Caviar, The Kid LAROI, and Confidentiality: The Secrets of George Mirosevich’s Elite Dining Experience
NDAS on entry. Wagyu steaks flown in from Japan and private jets as standard. That’s life.
In a world where access is currency, and discretion is priceless, George Mirosevich is quietly becoming the most sought-after name in private-dining that you’ve never heard—until now. At just 30, George has carved out an elusive, rarefied niche: the personal chef to the 0.01%, where his craft is less about feeding the rich and more about seducing their senses.
George is a modern culinary enigma with chiselled good looks, fast-paced social videos, and a kitchen presence that’s equal parts Gordon Ramsay and GQ cover star. And while most chefs chase Michelin stars, George’s currency is far rarer: trust. The kind of trust that earns you a midnight call from a billionaire’s private assistant, asking if you’re free to jet to Monaco or Malibu—tonight. No cameras, no press releases.

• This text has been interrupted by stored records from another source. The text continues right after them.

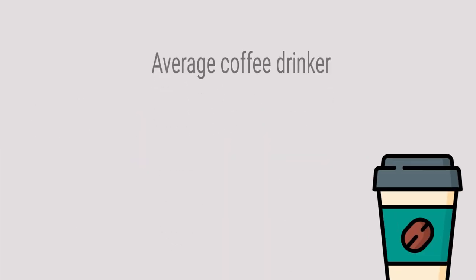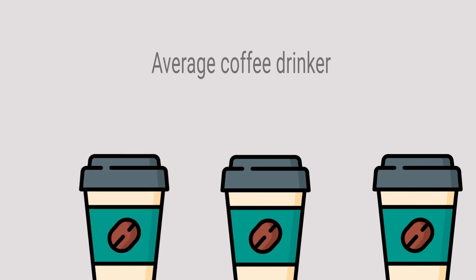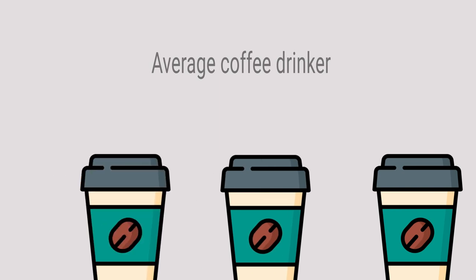The average coffee drinker consumes approximately 3 cups of coffee a day. And out of everybody, it's the Finnish that drink the most coffee per capita.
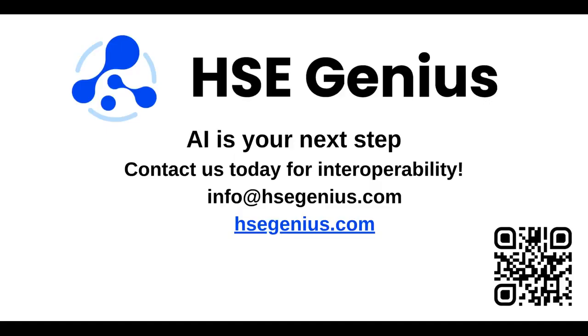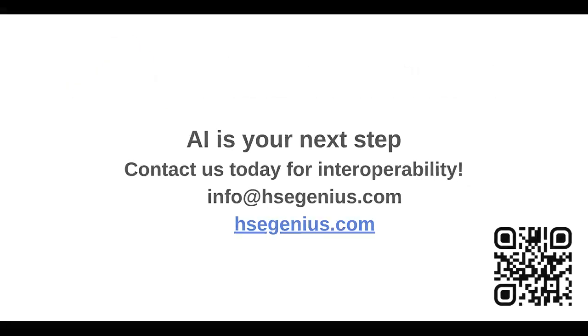Unlock real-time insights, exportable in one click. Start your journey with HSE Genius. Request your demo and experience true interoperability.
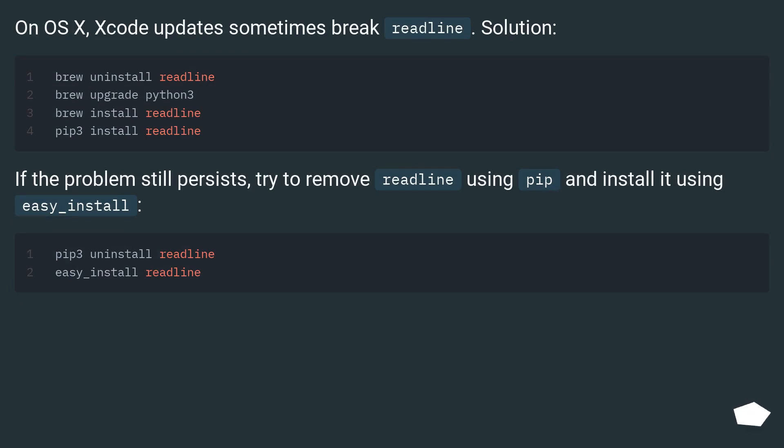If the problem still persists, try to remove readline using pip and install it using easy_install.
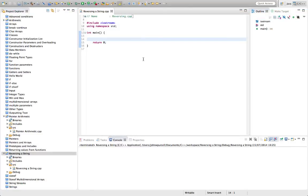Hello, this is John from caveofprogramming.com. In this tutorial we're going to look at reversing a primitive string in C++ in place.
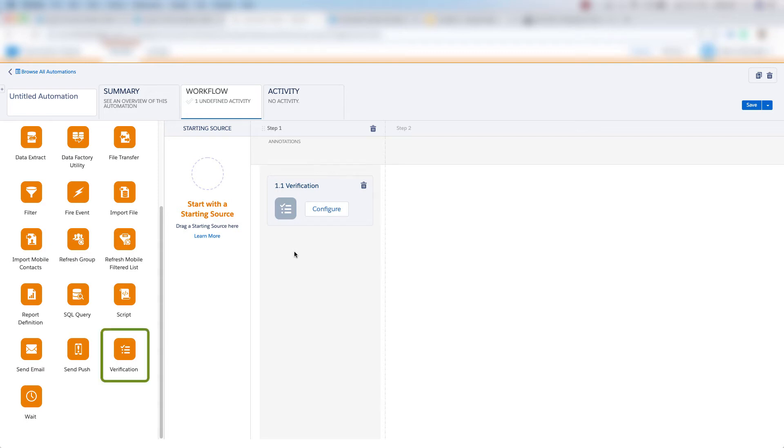And then here we have our verification activity, which allows us to look at our data extensions and verify that our data extension data is correct.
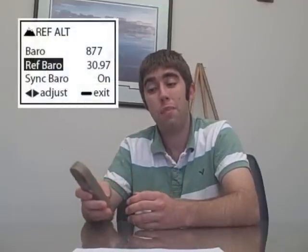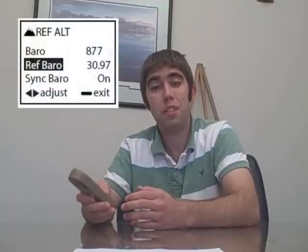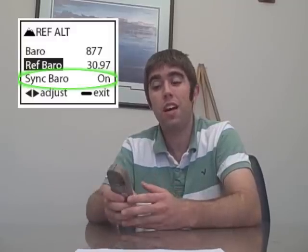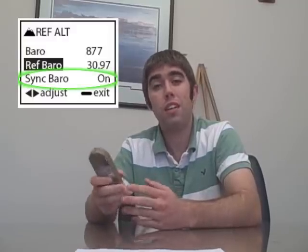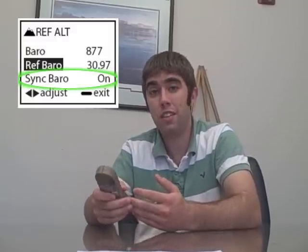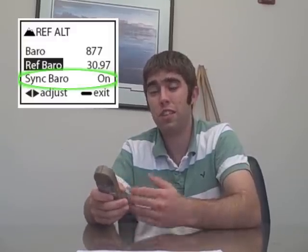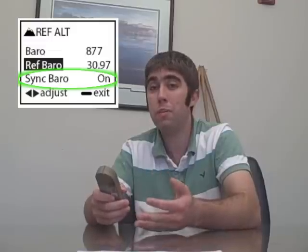You'll notice on the reference altitude and reference barometric pressure screens that at the bottom there's an option to sync — either sync baro or sync altitude. Unless you have a specific technical reason for turning these off, we recommend that you keep this on, as this will keep your pressure adjusted to sea level as you rise up in elevation.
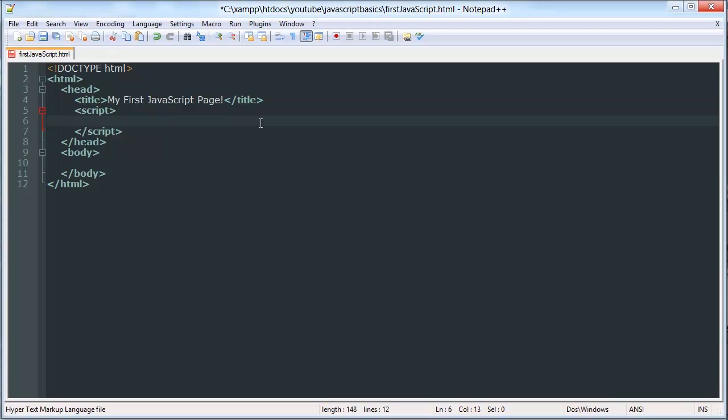Hello YouTube, this is the third video in our JavaScript Basics tutorial series. In this video I'm going to be talking about the DOM, which is the document object model.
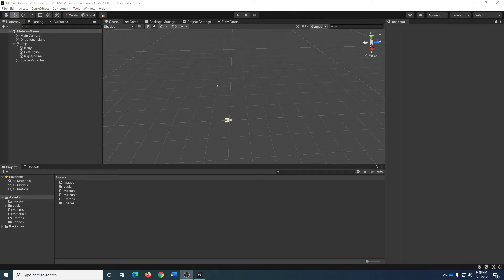Greetings and welcome to the basement. Continuing on in our efforts to create a simple little game, let's get some logic onto this ship.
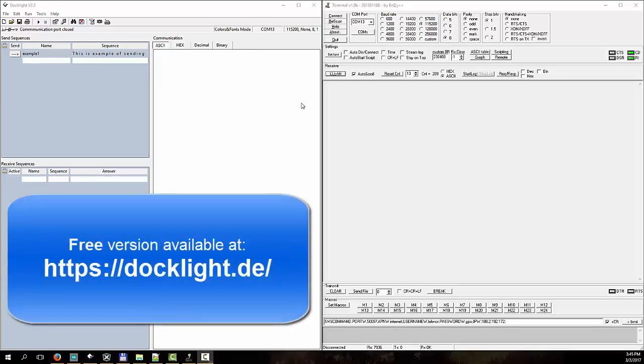Hello everybody. Today I want to make one video to compare and show you how to use terminal programs, some of the most popular terminal programs.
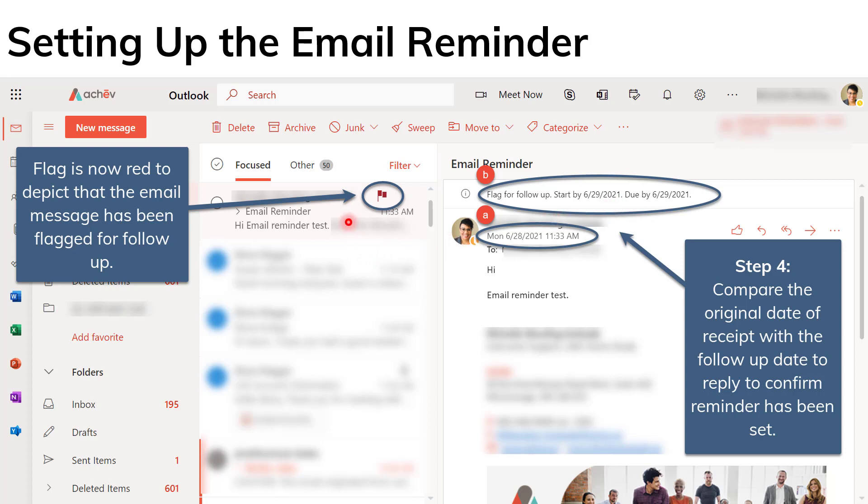So of course, again, another confirmation is that the flag icon is now depicted as red, is now shown as red. And that depicts that the email has in fact been flagged for follow-up.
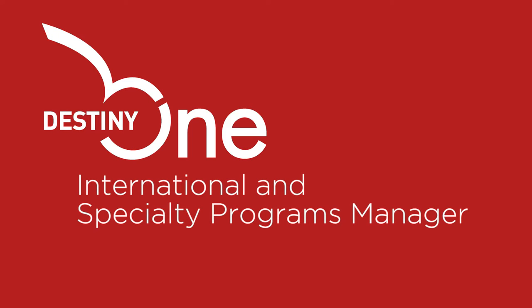The Destiny 1 International and Specialty Programs Manager simplifies how your school manages ESL and other programs targeted for international students.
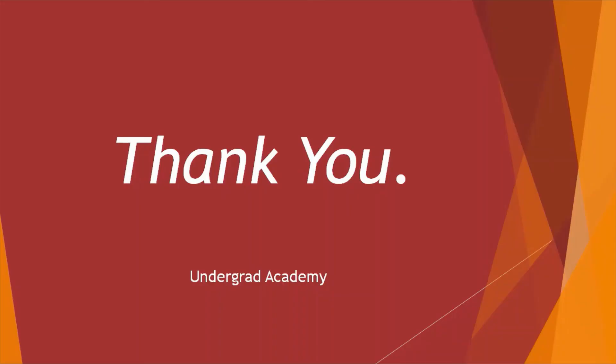Thank you very much for watching. Please take some time to subscribe to our channel. Kindly like the video and share it with your friends and comment your queries in the comment section below. Goodbye, see you soon.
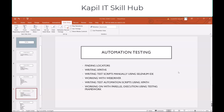Whenever there is a lack of expertise or incorrectly chosen test cases, we do not automate. In automation, what we do is: we find the locators from the application, write the XPaths, write the test scripts manually using Selenium IDE, work with web drivers, write test automation scripts using XPaths, and work on parallel execution using TestNG frameworks.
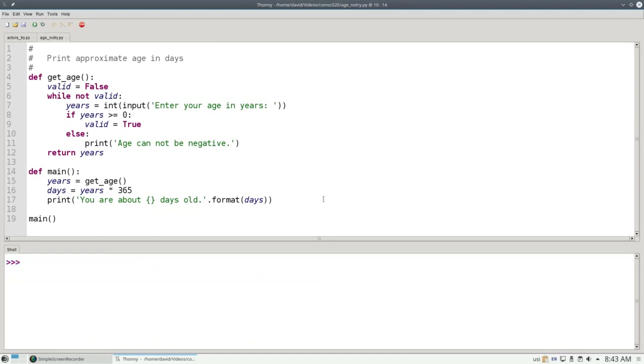Python provides a way to catch these errors, which are called exceptions. Python does this by using keywords TRY and EXCEPT. The way it works,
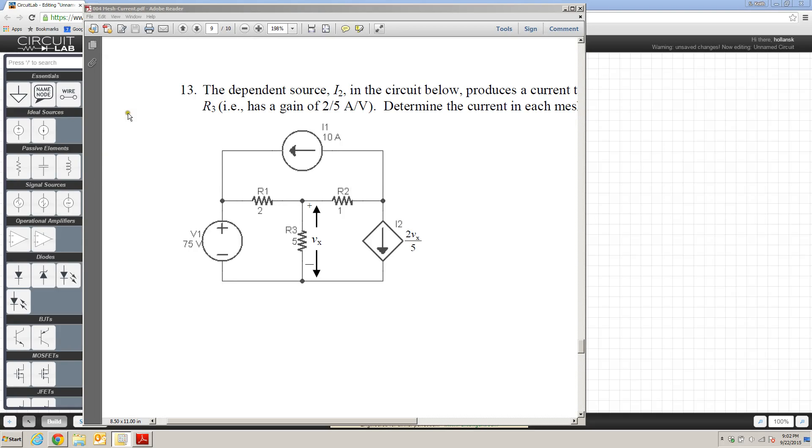In this video, I'm going to show you how to use circuitlab.com to evaluate a circuit that has a dependent source included in it. Here I'm going to be referring to problem number 13 from the mesh current method activity.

Just George, his knives, and the world’s most powerful people, waiting to be impressed.
“I’ve cooked in rooms where NDAs outnumbered the guests,” he laughs over a coffee in Sydney’s Double Bay, one of his few public haunts. “You don’t ask questions. You don’t post. You just serve the best thing they’ve ever tasted… and disappear.”
This was the case for George when he found himself having one of those weeks where nights blended into mornings and coffee was no longer scratching the surface. George, halfway down the freeway from Newcastle to Sydney (Australia), received the phone call. “George, the client is flying on a private jet from the US and needs dinner ready in three hours.” Without hesitation.Without a client name. No produce. With a drive that would equal George’s sleep total, the James Bond of cooking adventures began. Little did George understand he was about to cook for one of the biggest stars in the world, The Kid LAROI. Like something paranormal, George arrived, cooked and disappeared.
The next morning, after a routine sweat, the phone call arrived again. Only this time, it was lunch at 12 pm and a request to cook for The Kid LAROI for another seven days.
“I’ll always bet on the relationships you don’t see,” George shrugs, barely masking a grin.
That vanishing act is becoming harder to pull off. George is on the cusp of breaking out of culinary anonymity with the upcoming reality series Billion Dollar Playground—an unscripted eight-part immersion into Australia’s most elite service industry, funded by Luxico and airing globally across Binge (AU), BBC (UK), Brave (NZ), Corus (CA), and Talpa TV (NL).
Think Below Deck meets Succession—but instead of superyachts, the playground is Australia’s most palatial private estates. And threading it all together? George. The man they call when the caviar needs to be flown in, the wagyu marbled just right, and the champagne sabred perfectly on the third floor of a $50 million beach house.
George is slated for 15 guest appearances throughout the series—each an intoxicating peek into his quiet power in these high-net-worth circles. But in true George fashion, the biggest drama of the season doesn’t even make the screen.
“It’s not about being famous,” George says. “It’s about being famous to the right people. The ones who pick up the phone say, ‘Fly to Lake Como. The jet’s waiting.’”
For George Mirosevich, this is just the entrée. The main course is yet to come.
Billion Dollar Playground premieres Tuesday, 13 May at 10.00am AEST on BINGE, with new episodes dropping weekly.